Task details » Repeat the listing exactly. Any picture in it should be left out of the copy.

● ● ● ●

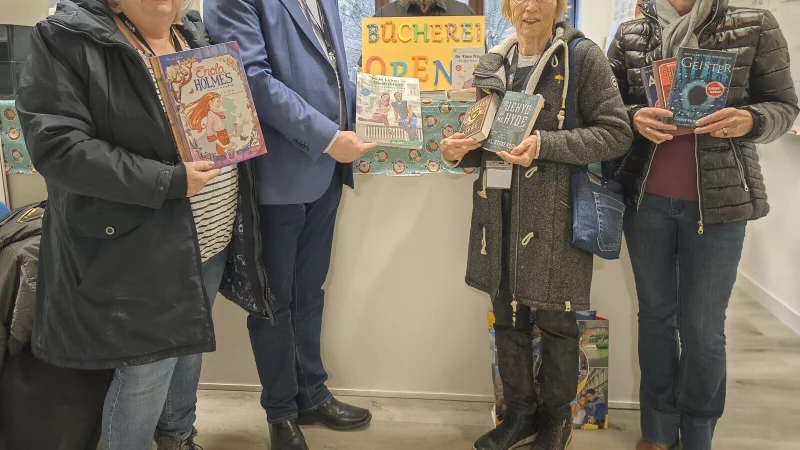 Brigitte Herrmann, Michael Biermann, Elisabeth Varnholt und Roswitha Heinz vom F&ouml;rderverein &uuml;bergeben Hendrik Mutzenbach (Mitte) eine B&uuml;cherspende. - &copy; Vasco Stemmer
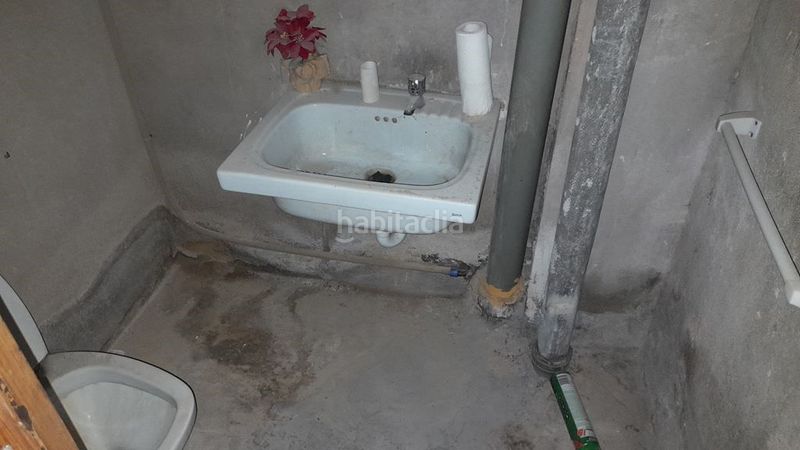 Foto 1836f2b9-beef-4313-b7a3-a24c11b5f558. Local comercial a Roda (La)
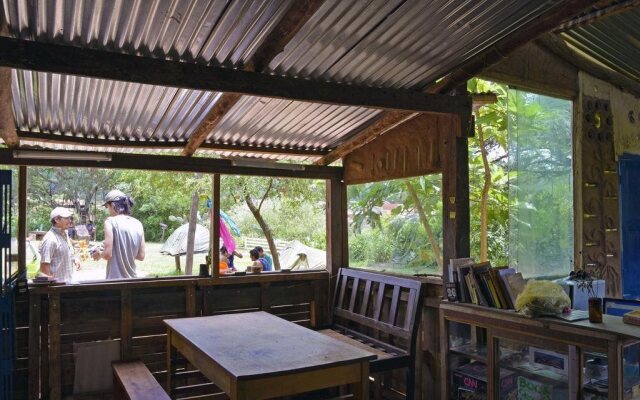 Jaguar Azul Hostal Camping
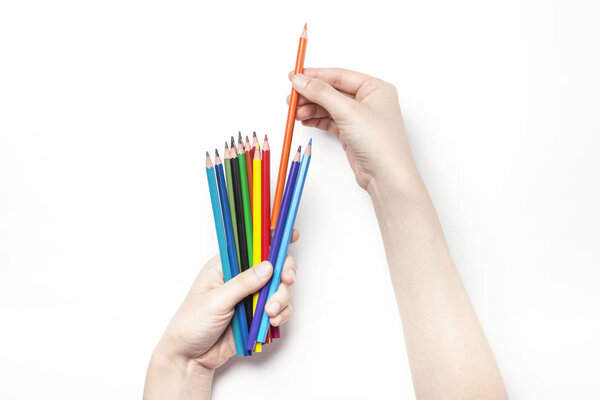 цветной карандаш
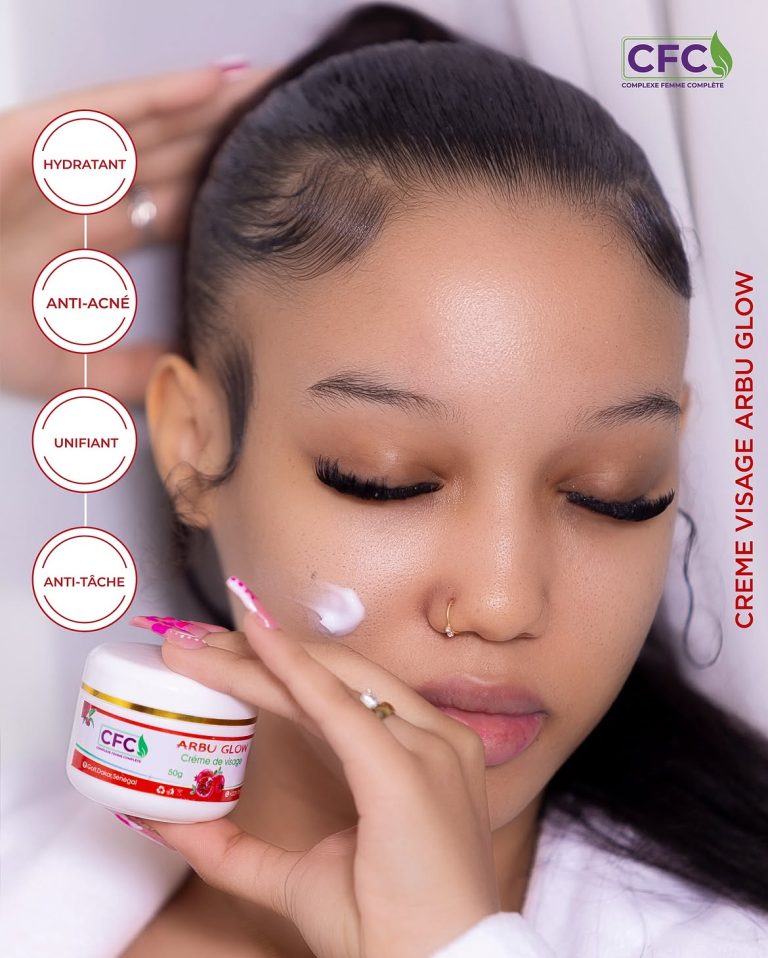 Modèle présentant la crème visage Arbu Glow.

● ● ● ●

Solution below »
 Brigitte Herrmann, Michael Biermann, Elisabeth Varnholt und Roswitha Heinz vom F&ouml;rderverein &uuml;bergeben Hendrik Mutzenbach (Mitte) eine B&uuml;cherspende. - &copy; Vasco Stemmer
 Foto 1836f2b9-beef-4313-b7a3-a24c11b5f558. Local comercial a Roda (La)
 Jaguar Azul Hostal Camping
 цветной карандаш
 Modèle présentant la crème visage Arbu Glow.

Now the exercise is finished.